**Task description:** Begin the copy at the line containing "Những khoảng khắc" in the data below and end it at the line containing "2022-tesla-model-y-e-rwd-big-13", keeping each line exact and leaving out pictures.

--- The data Enclosed Below ---

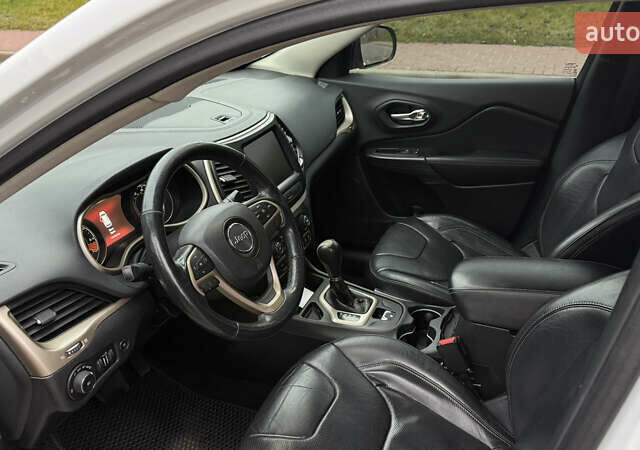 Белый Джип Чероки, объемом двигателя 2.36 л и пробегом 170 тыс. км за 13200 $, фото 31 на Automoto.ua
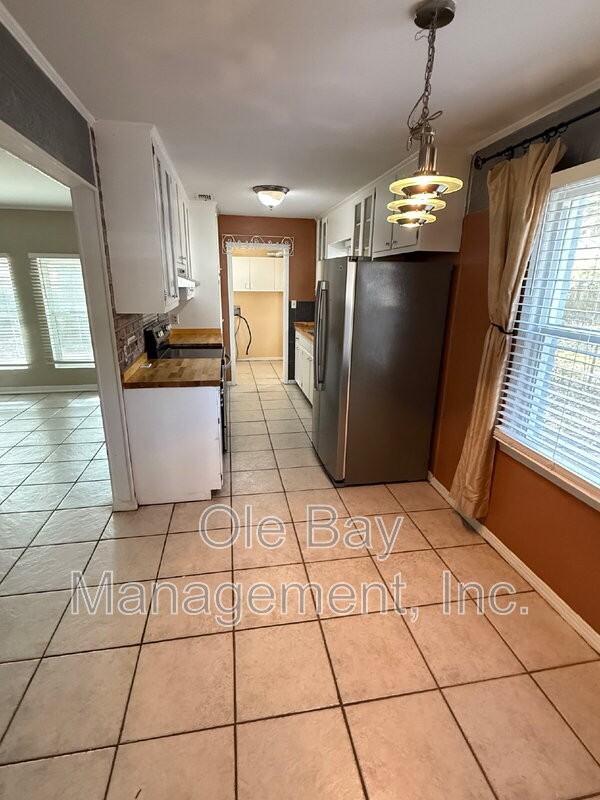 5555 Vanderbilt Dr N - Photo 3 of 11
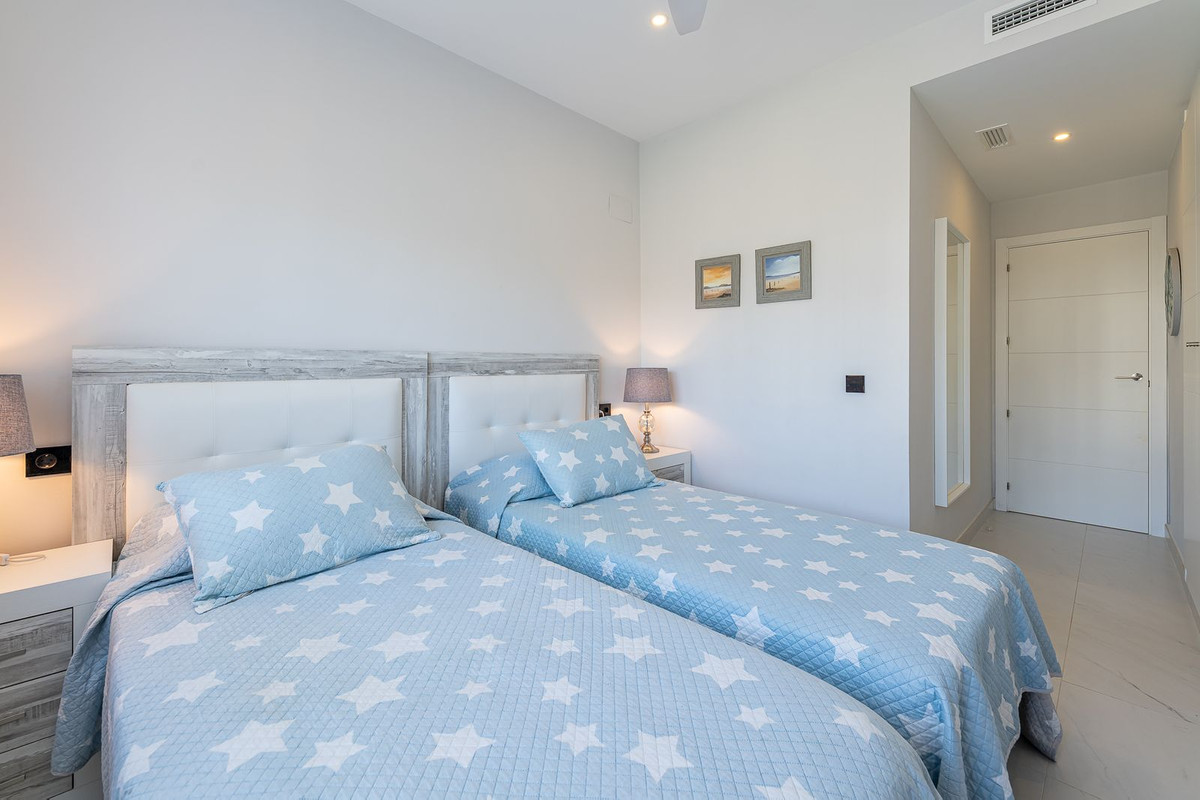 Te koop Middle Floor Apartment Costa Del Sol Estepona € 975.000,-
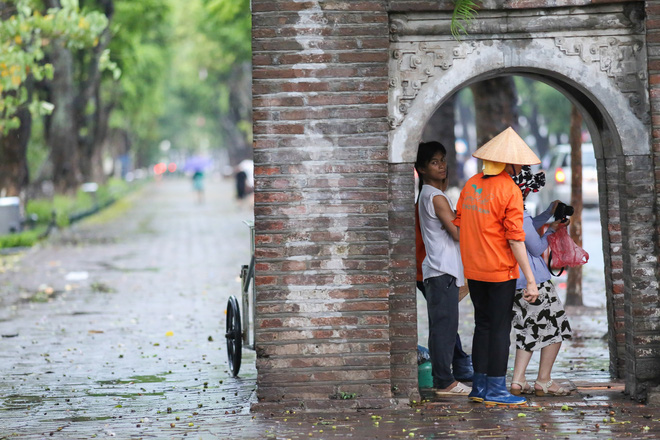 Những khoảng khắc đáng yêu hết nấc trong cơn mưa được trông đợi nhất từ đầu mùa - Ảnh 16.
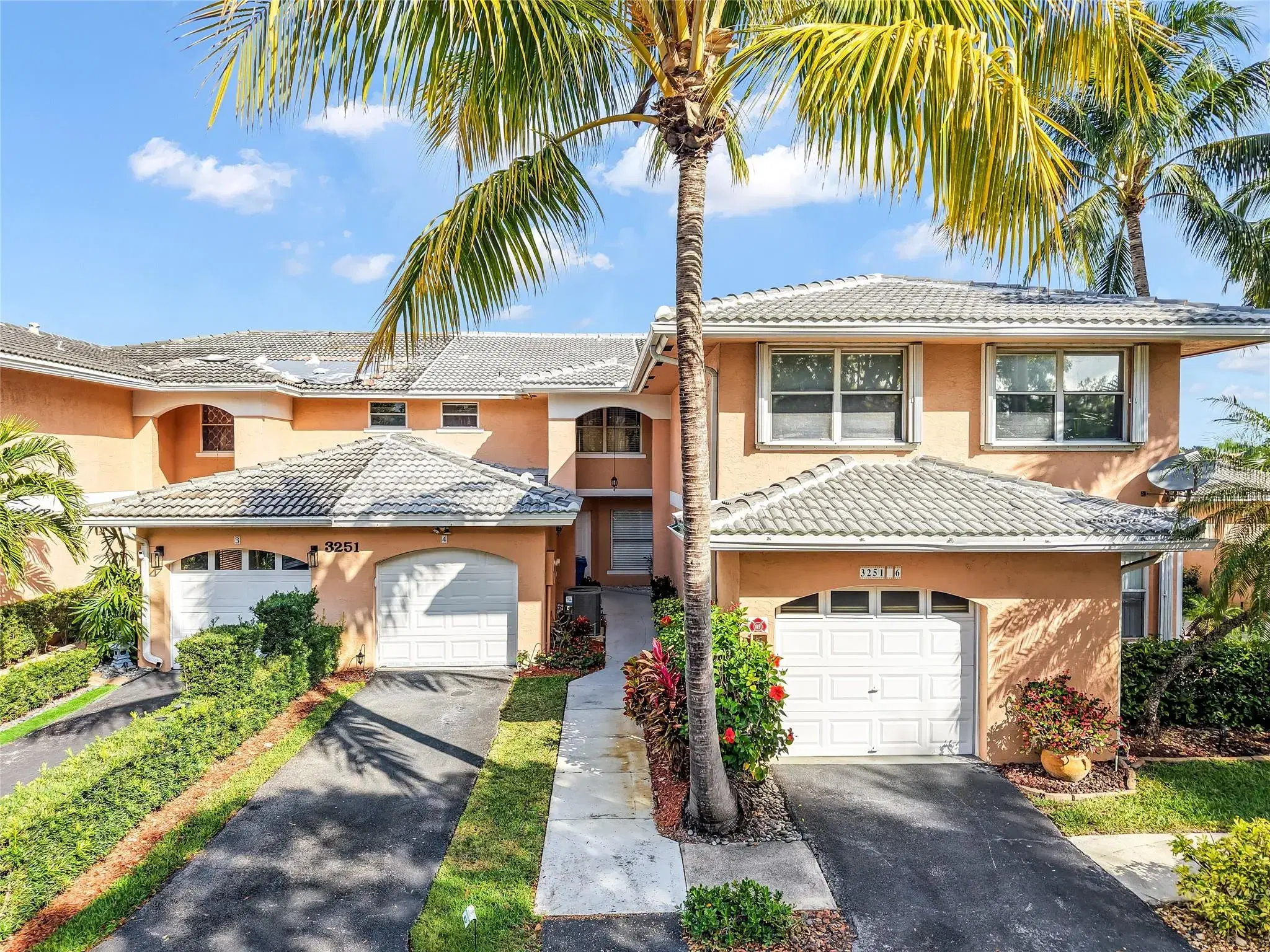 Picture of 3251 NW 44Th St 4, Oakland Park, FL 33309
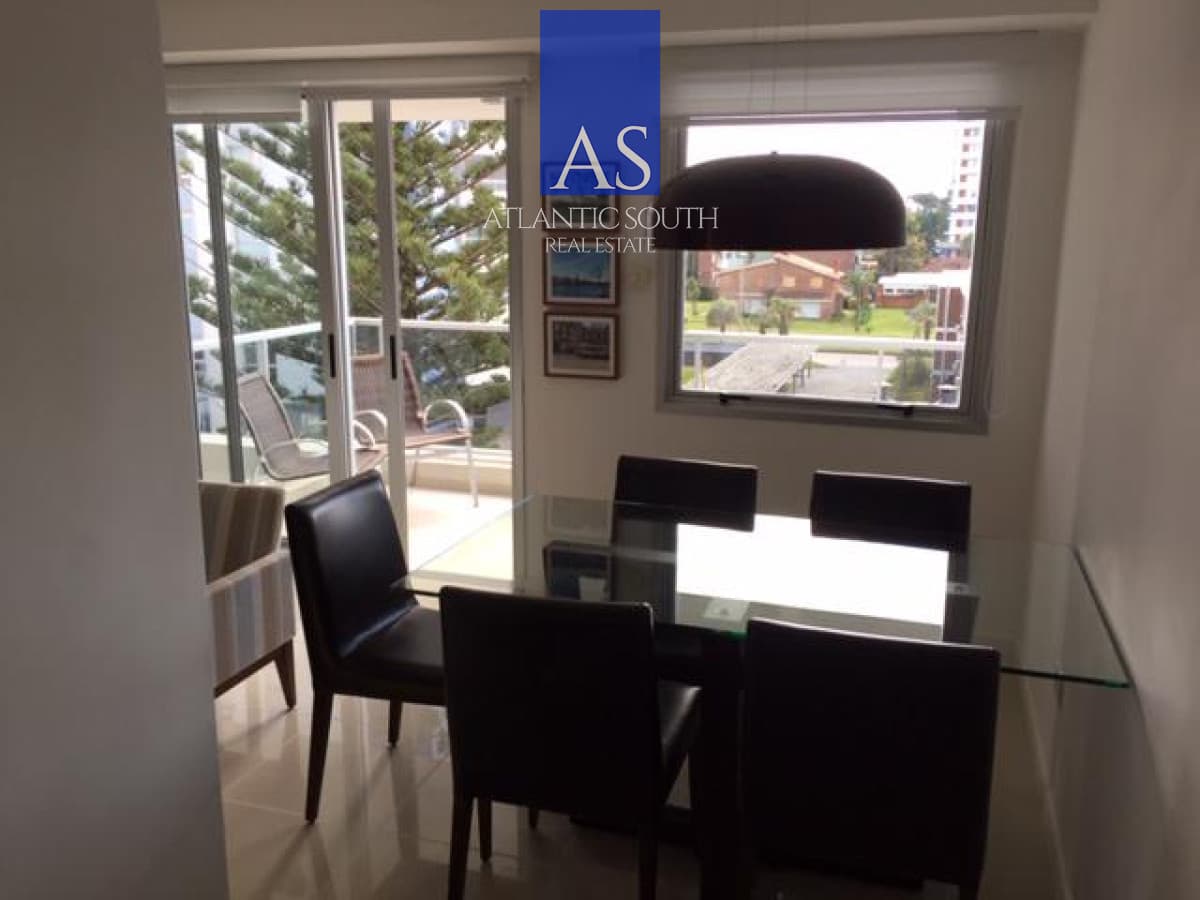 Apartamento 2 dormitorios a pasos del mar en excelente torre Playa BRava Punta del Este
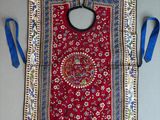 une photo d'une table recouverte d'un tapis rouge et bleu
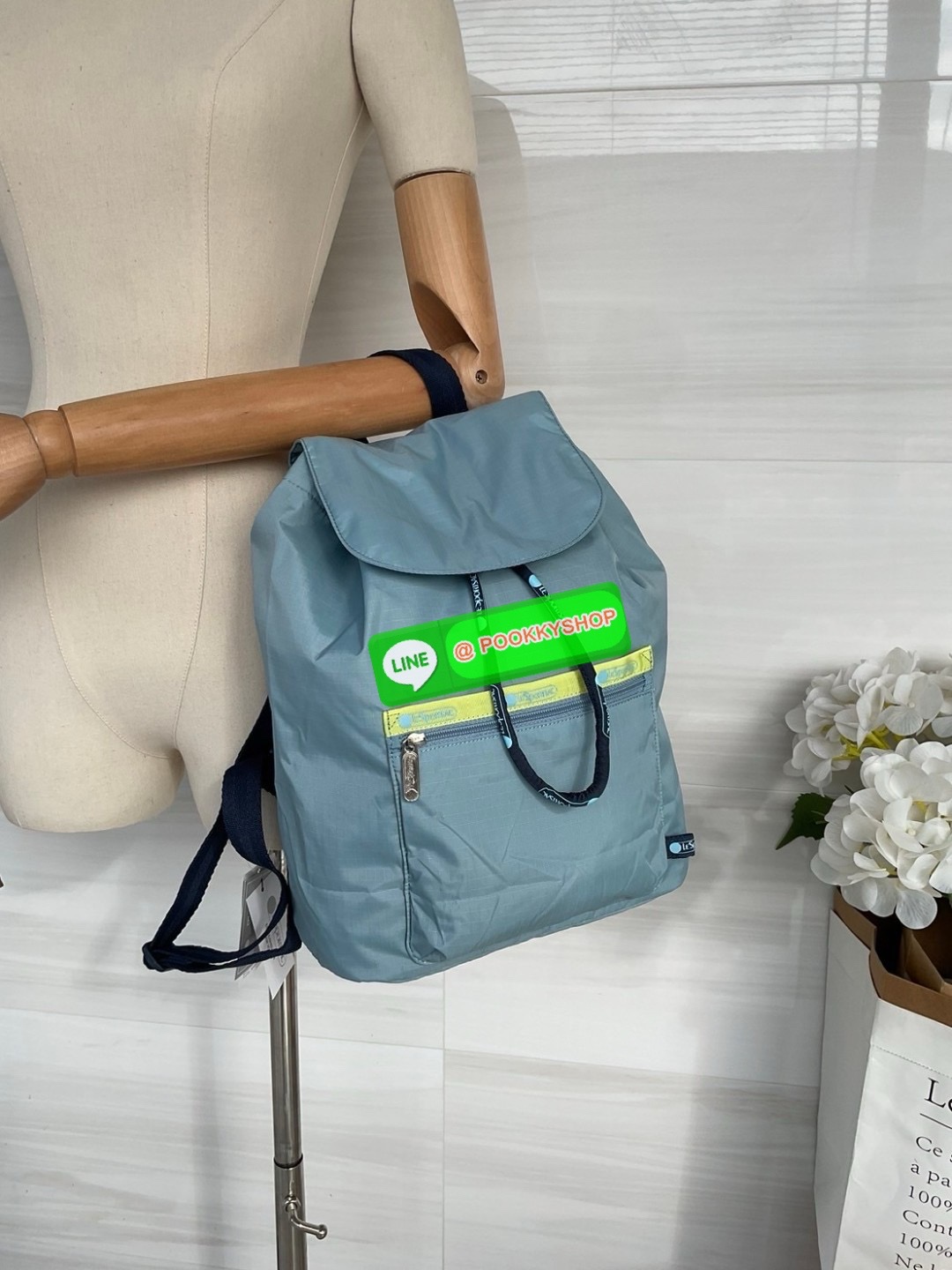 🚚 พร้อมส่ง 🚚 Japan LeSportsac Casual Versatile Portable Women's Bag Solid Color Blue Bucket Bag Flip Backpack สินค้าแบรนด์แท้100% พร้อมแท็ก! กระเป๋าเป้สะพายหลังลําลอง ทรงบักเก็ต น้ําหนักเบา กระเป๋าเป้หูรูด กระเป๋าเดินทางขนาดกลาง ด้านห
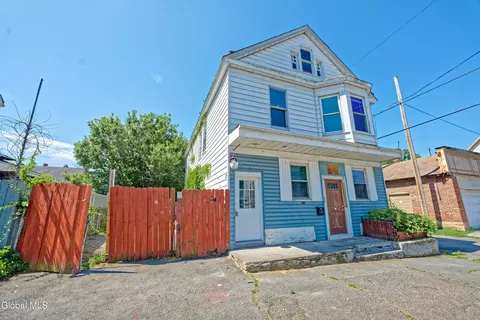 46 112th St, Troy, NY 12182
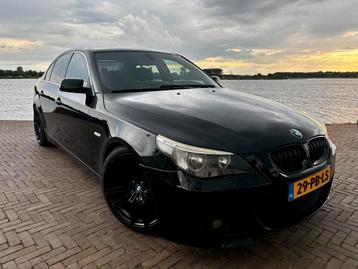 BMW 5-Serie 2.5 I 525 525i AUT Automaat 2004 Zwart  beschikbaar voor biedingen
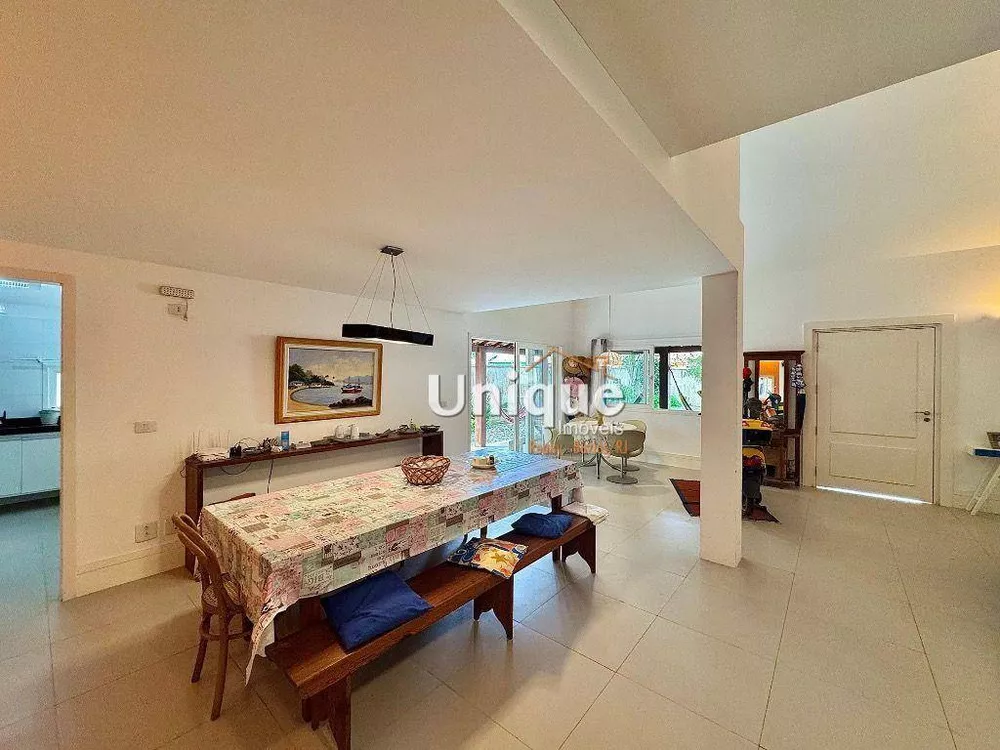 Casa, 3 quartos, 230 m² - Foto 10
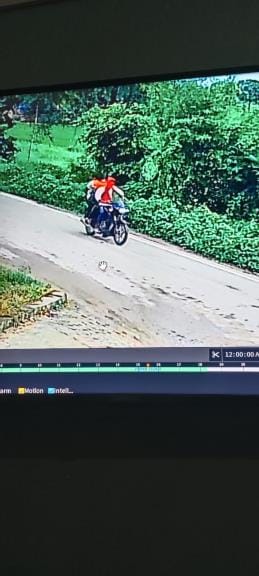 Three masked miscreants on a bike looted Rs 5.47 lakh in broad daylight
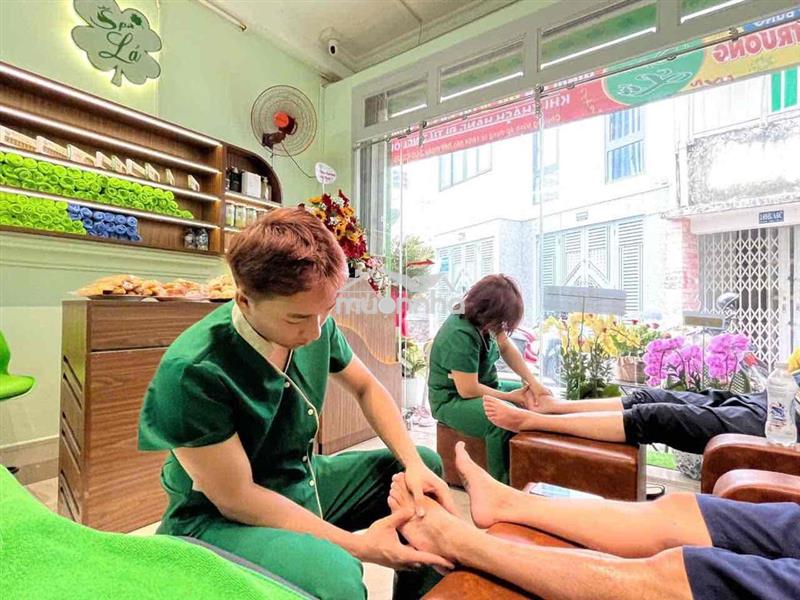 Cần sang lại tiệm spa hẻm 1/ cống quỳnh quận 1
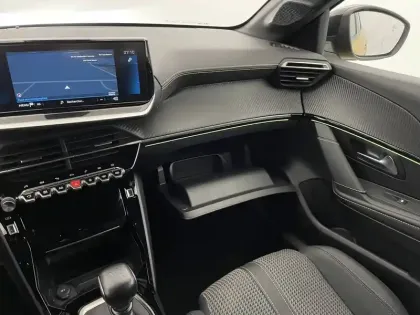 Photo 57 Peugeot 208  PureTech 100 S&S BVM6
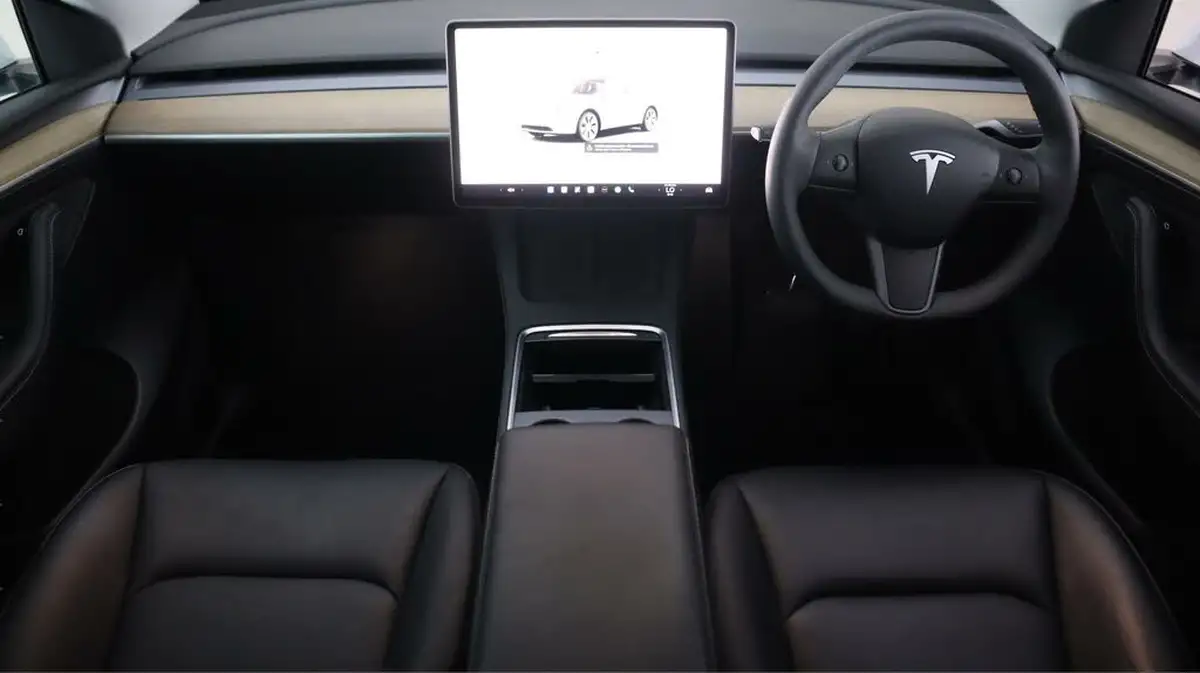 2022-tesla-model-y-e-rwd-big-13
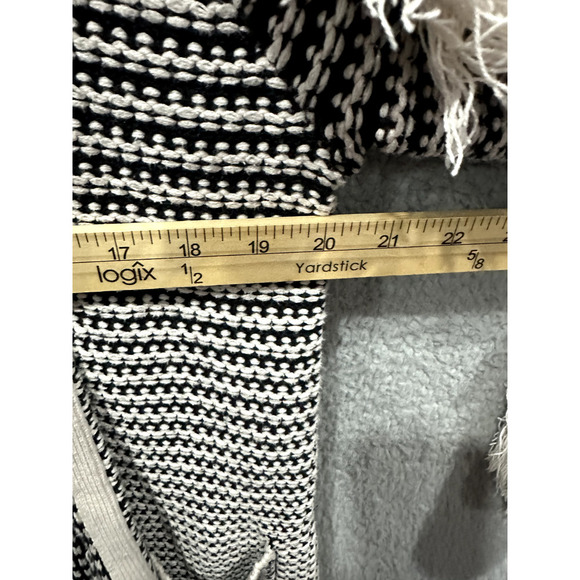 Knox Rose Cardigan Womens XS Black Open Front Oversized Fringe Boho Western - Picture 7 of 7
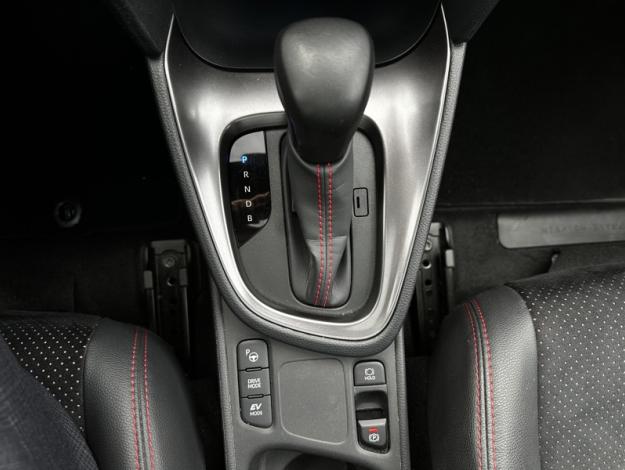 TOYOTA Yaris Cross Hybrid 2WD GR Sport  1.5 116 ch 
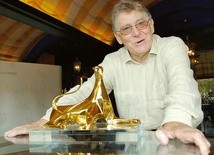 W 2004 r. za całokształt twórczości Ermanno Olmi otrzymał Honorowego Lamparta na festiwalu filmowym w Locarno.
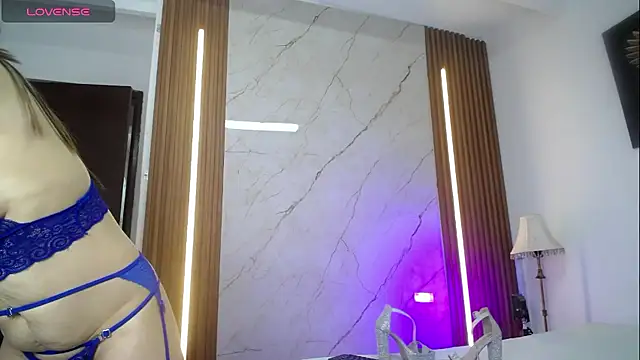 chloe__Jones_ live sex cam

--- End of Enclosed The data ---

**Written response:**
 Những khoảng khắc đáng yêu hết nấc trong cơn mưa được trông đợi nhất từ đầu mùa - Ảnh 16.
 Picture of 3251 NW 44Th St 4, Oakland Park, FL 33309
 Apartamento 2 dormitorios a pasos del mar en excelente torre Playa BRava Punta del Este
 une photo d'une table recouverte d'un tapis rouge et bleu
 🚚 พร้อมส่ง 🚚 Japan LeSportsac Casual Versatile Portable Women's Bag Solid Color Blue Bucket Bag Flip Backpack สินค้าแบรนด์แท้100% พร้อมแท็ก! กระเป๋าเป้สะพายหลังลําลอง ทรงบักเก็ต น้ําหนักเบา กระเป๋าเป้หูรูด กระเป๋าเดินทางขนาดกลาง ด้านห
 46 112th St, Troy, NY 12182
 BMW 5-Serie 2.5 I 525 525i AUT Automaat 2004 Zwart  beschikbaar voor biedingen
 Casa, 3 quartos, 230 m² - Foto 10
 Three masked miscreants on a bike looted Rs 5.47 lakh in broad daylight
 Cần sang lại tiệm spa hẻm 1/ cống quỳnh quận 1
 Photo 57 Peugeot 208  PureTech 100 S&S BVM6
 2022-tesla-model-y-e-rwd-big-13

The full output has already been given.